And here is my translation attempt:

If you're disappointed for a moment, don't grumble and grudge
If you're panick-stricken for a moment, don't stay struck with terror
[Na-thang] lose hope
Be drunk every day
Have a body but not a soul, like a scarecrow

Life is like the waves of the sea:
Sometimes it raises,    sometimes it falls
Good luck   bad luck    will all pass as destined
3 parts are decided by heaven    7 parts rely on [your] fighting
[You] should fight, only then will you win

Actually, I have two questions:

  1. What does that "na-thang" mean and how should it be spelt? The translation in the link, "Going through times without hope, we may drown our sorrow in liquor" doesn't convince me, because it seems to suggest 通 means "go through", which is not documented in my Min reference, and it has a "may" that is nowhere to be found in the following line; one suggestion it gives is to write "na" with 若, and take it as "if"; on that lead, I would guess 若通 is a word for "if", like 若準 | nā-tsún, but this is not recorded in my reference; another track might be to interpret 通 as a classifier of occasions or time, something like 次 or 时, and read this as «In such times you lose hope, etc», or interpret 失去希望 as what the classifier is classifying, and read this as «In those times of losing hope / You get drunk every day / …»; which of the three guesses is correct?
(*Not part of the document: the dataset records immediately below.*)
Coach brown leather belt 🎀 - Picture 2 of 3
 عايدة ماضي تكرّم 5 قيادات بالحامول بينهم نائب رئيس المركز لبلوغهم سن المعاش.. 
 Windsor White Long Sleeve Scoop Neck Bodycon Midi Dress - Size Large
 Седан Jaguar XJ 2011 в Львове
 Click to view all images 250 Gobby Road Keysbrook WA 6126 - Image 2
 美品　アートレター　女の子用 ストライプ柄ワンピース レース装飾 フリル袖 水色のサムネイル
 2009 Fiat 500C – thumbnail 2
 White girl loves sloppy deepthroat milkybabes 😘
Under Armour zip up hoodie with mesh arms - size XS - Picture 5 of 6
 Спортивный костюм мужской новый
Or is it none of them? And in this case, what is the correct interpretation and spelling of the line?
  2. I am guessing 醉茫茫 is just a way to intensify 醉, something like "dead drunk" or "drunk-ass" in English; is this correct?

UPDATE

From my source, entry on 茫:

形容人神智不清的狀態。例:袂曉啉酒閣啉並濟的,這馬咧茫矣乎?Bē-hiáu lim-tsiú koh lim phīng tsē--ê, tsit-má teh bâng--ah--honnh? (不會喝酒還喝那麼多,這下子可喝醉了吧?);醉茫茫 tsuì-bâng-bâng(醉得神智不清)。

So 茫 is essentially a synonym of 醉, and 醉茫茫 means exactly what I thought (醉得神智不清: drunk to the point that the mind isn't well-functioning, lit. "clear").

So question 2 is solved, and only question 1 remains.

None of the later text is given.